SUPPLIED DATA →
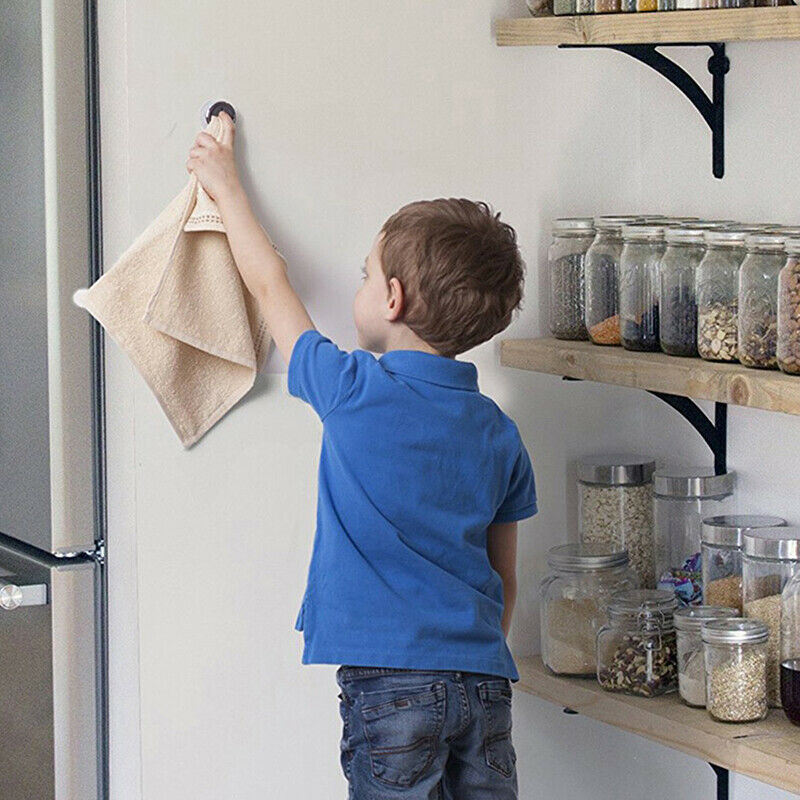 Creative Storage Racks Hanger Adhesive Rag Dishcloth Holder Cleaning Stic.l8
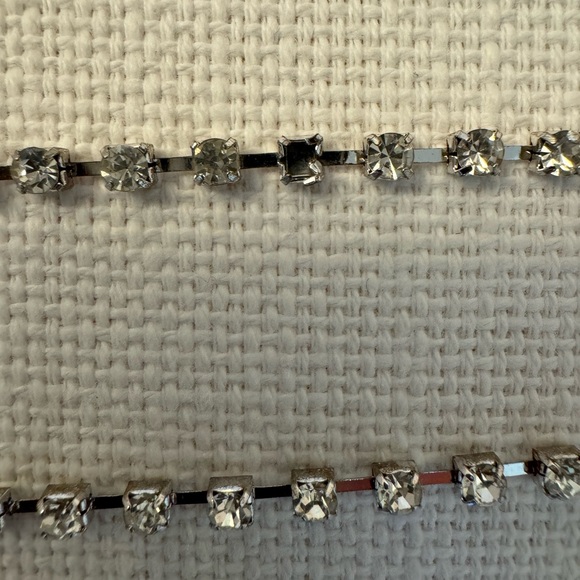 Urban Outfitters Jewerly Rhinestone Metal Bra Size L - Picture 5 of 8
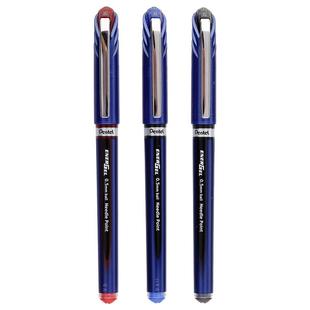 日本Pentel派通BLN25速干中性笔ENERGEL拔帽式学生用考研办公考试速干水笔0.5大容量签字黑红蓝笔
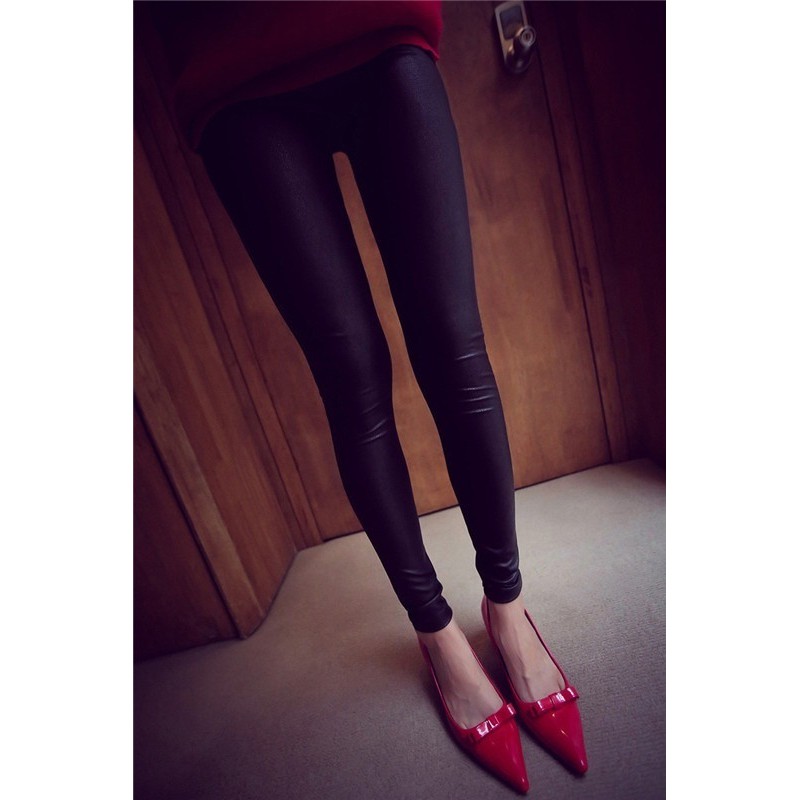 Quần legging giả da với thiết kế da rắn | BigBuy360 - bigbuy360.vn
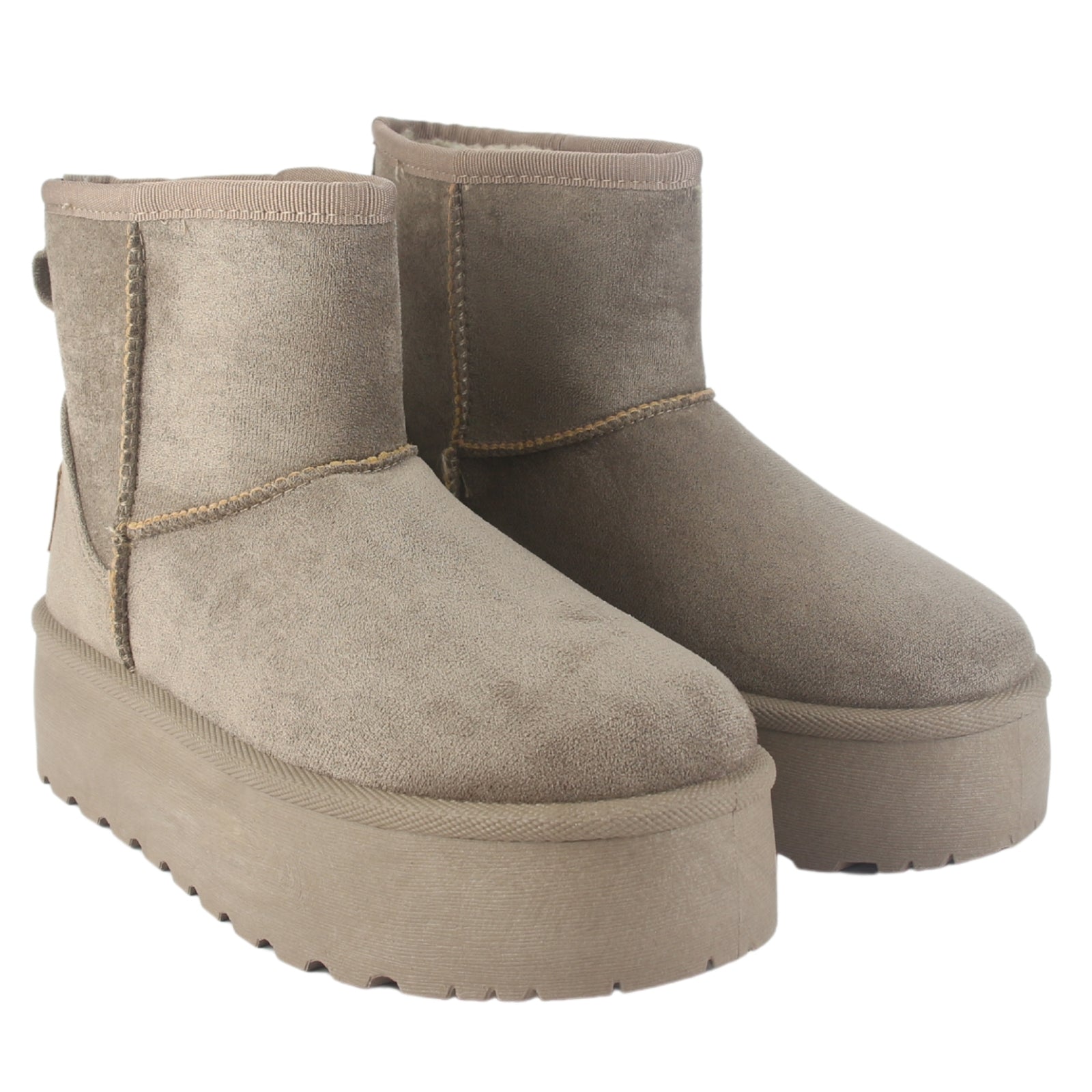 Botin Chalada Mujer Pinguih-2 Taupe Casual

TASK OBJECTIVE →
In your copy of the listing above, reproduce each line exactly and omit all pictures.

RESPONSE FOR THIS EXERCISE →
 Creative Storage Racks Hanger Adhesive Rag Dishcloth Holder Cleaning Stic.l8
 Urban Outfitters Jewerly Rhinestone Metal Bra Size L - Picture 5 of 8
 日本Pentel派通BLN25速干中性笔ENERGEL拔帽式学生用考研办公考试速干水笔0.5大容量签字黑红蓝笔
 Quần legging giả da với thiết kế da rắn | BigBuy360 - bigbuy360.vn
 Botin Chalada Mujer Pinguih-2 Taupe Casual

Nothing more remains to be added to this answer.